Despite a ban on demonstrations issued by the Abidjan prefecture the day before, protesters took to the streets of the city, the country's economic capital, at dawn. They gathered in response to a call from the Common Front, a coalition comprised of the Parti Démocratique de Côte d'Ivoire ("Democratic Party of Ivory Coast," PDCI) and the Parti des Peuples Africains ("African People's Party," PPA-CI), to protest both Ouattara's candidacy and the exclusion of their own candidates from the presidential race.

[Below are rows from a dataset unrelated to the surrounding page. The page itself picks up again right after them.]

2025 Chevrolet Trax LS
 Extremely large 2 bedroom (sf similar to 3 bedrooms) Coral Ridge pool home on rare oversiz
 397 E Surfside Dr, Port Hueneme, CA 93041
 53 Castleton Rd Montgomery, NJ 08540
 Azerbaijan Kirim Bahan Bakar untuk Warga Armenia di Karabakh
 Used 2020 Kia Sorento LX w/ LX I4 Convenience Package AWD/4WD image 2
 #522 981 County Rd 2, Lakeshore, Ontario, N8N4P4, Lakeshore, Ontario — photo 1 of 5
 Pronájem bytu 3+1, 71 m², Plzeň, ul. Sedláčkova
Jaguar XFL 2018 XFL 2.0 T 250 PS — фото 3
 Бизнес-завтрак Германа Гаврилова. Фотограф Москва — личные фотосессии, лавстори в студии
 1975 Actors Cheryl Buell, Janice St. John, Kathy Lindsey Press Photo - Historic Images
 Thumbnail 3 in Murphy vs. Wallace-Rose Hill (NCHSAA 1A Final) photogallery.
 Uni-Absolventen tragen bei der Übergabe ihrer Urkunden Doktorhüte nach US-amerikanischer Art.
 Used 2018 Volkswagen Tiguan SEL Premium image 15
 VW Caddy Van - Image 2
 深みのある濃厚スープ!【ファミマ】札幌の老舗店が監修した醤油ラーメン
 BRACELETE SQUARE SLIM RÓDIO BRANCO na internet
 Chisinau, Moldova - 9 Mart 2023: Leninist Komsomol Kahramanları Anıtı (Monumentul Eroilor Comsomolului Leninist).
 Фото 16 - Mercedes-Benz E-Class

The PDCI's Tidjane Thiam and PPA-CI's Laurent Gbagbo were both declared ineligible: Thiam for legal reasons, Gbagbo due to a prior legal conviction.

They tried to regroup for hours, in vain. Security forces, which had been deployed in large numbers since the day before, arrested protesters and bystanders alike without moderation in the Saint-Jean and Blockhaus neighborhoods of the suburb of Cocody, where the protest march had been due to be held. Any attempt to gather a crowd together was immediately thwarted with volleys of tear gas and charges by police and gendarmes.

"The gas entered the houses, we couldn't breathe," said a resident of the Blockhaus neighborhood. "I have a 4-year-old son; the gas got into his mouth and eyes. He nearly choked. I was terrified." Journalists were assaulted, and some had their equipment confiscated or were forced to delete their footage. According to the interior minister, who spoke about the protestors' "irresponsibility," 237 people were arrested. The authorities reported no casualties. In 2020, similar electoral unrest left 85 people dead and more than 500 injured.